Thanks, you ans my question. Everything you said about Hydro went wayyyy over my head. I love dirt and worm castings. Water every two days, feed every 5 to 7 days,  Transplant twice. Done.


----------



## Stoney Bud (Dec 3, 2007)

I've got to clear up a possible misunderstanding about Hydroponic growing.

Like anything, it can be as easy as possible or with a lot of added complication.

For example: If you were to go to the store. Sounds easy.

Here's the right way:

1. Leave and lock house. Get in car. Go to store.


Here's the way some Hydroponic growers think at first:

1. List every possible thing that could ever go wrong when you leave your house to go to the store. This list should have at least 200 things listed on it.

2. List every thing that has ever gone wrong with a car. Study every part of the car until you can rebuild it. Then, do a major overhaul on the car to include blueprinting the engine. Have a race car mechanic come by and do all this work at 500 bucks an hour.

3. Study every map ever drawn of your area. Study the cops routine and make a trip map that shows how to avoid every possible contingency.

4. Hire a "road guide". This guy should get at least 50 bucks an hour during the entire planning time.

5. Call the State, County and City road departments and have them fix every single defect in the roads between your house and the store.

6. .....well, you see where this is going...

Hydroponics is the same. Here's how I've done it for more than 25 years:

1. Use Stoney's 4 unit hydro ebb and flow system in the DIY area.

2. Set it up, wipe it down with some rubbing alcohol.

3. Fill the reservoir, fill the tubs with hydroton and put your rooted plants in.

4. Use a quality nutrient. That's "NUTRIENT" not "NUTRIENTS". Keep it simple.

5. Turn on pump, timer and lights.

6. Top off the reservoir every couple of days with fresh mixed nutes.

7. Start your flowering nutes when flowering starts.

8. Harvest.

Notice that I've sized my reservoir so that no changing of nutes is required until after harvest.

Notice I do no other maintenance.

Notice that I didn't mention a pH meter. I've never even seen one in real life.

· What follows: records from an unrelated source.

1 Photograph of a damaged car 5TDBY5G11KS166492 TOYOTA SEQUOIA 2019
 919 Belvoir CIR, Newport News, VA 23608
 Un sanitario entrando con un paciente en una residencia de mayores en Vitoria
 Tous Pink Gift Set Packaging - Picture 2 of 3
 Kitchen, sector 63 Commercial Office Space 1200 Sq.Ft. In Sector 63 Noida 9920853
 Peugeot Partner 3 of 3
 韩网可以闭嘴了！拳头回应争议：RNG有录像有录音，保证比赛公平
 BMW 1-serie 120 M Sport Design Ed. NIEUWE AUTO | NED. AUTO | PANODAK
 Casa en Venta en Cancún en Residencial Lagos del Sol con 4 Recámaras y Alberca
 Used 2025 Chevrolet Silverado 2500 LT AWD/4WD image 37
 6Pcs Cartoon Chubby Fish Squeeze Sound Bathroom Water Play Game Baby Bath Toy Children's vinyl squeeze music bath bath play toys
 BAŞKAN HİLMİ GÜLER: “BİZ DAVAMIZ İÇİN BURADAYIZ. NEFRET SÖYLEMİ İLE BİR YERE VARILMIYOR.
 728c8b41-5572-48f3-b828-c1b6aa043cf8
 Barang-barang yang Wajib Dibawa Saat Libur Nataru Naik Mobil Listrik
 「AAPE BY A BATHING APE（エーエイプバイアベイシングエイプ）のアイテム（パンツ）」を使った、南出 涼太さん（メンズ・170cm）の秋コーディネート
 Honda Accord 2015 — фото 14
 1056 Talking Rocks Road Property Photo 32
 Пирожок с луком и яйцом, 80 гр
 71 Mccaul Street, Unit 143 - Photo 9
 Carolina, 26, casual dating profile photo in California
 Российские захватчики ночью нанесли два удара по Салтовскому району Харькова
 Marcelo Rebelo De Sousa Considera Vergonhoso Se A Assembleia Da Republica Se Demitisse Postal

Notice that what I do is simple.

OR

You can add 500 other steps, worry yourself sick over the things that will never happen and work yourself to death doing unnecessary things during your grow.

The "KIS" method is the best method.

I spend 15 minutes a day in my grow room. I raise the lights if needed and top off the reservoir. That's it.

"KEEP IT SIMPLE" = KIS

Nutrients and lights are the only two expensive items needed.

Understanding HOW MJ grows is the most important step in any methods.

Do a simple dirt grow first. Learn how MJ grows.

Then get more complicated.

Good luck to all of you!


----------



## Growdude (Dec 3, 2007)

Hydro wins over dirt for me not only because it grows so much faster, is it seems easyer to know exactly what im giving the plants, in dirt you really dont know what your levels of nutes are, at least I never did.

I find it much easyer to correct any problems.

And for the people that say hydro dont taste like dirt Im telling you it doesnt matter, nobody ive ever smoked my weed with has ever even asked or sayed one word other than "this stuff is great" "man this tastes great" "It blew my wig off".

And at max 10 weeks for intire grow I get twice the smoke.


----------



## mr. green (Dec 3, 2007)

keep it simple drit

I like drit "Good thing's take time."


----------



## pyroguy (Dec 3, 2007)

i just completed a dwc grow and had the best results ive ever had. it wasnt hard just change water every 2 weeks. out side of that it was just like the soil grow. well, not exactly my plants were healthier


----------



## mr. green (Dec 3, 2007)

*Grow in soil i think is much more sweeter!*


----------



## stunzeed (Dec 3, 2007)

To me it is way easier. If there is a problem you change the water. If problem in dirt you flush and pray...... Its less mess to clean up. The yeild is not even a contest. To me there is no drawbacks at all.


Stunzeed..


----------



## JerryG1989 (Dec 3, 2007)

my first ever successful grow i had 1 hydro and 1 dirt plant from the same bagseed and i found the hydro was easier to grow, grew faster and could take much more nute/stress, where as the dirt plant i had trouble with in the beginning with feeding, but in the end the dirts smell/taste and color(purple)came out alot more in the dirt plant vs the hydro. so id say they both have their pros and cons

also the yeild od the dro was only slightly higher, got about 3/4 of an ounce of the dirt and an oounce off the hydro


----------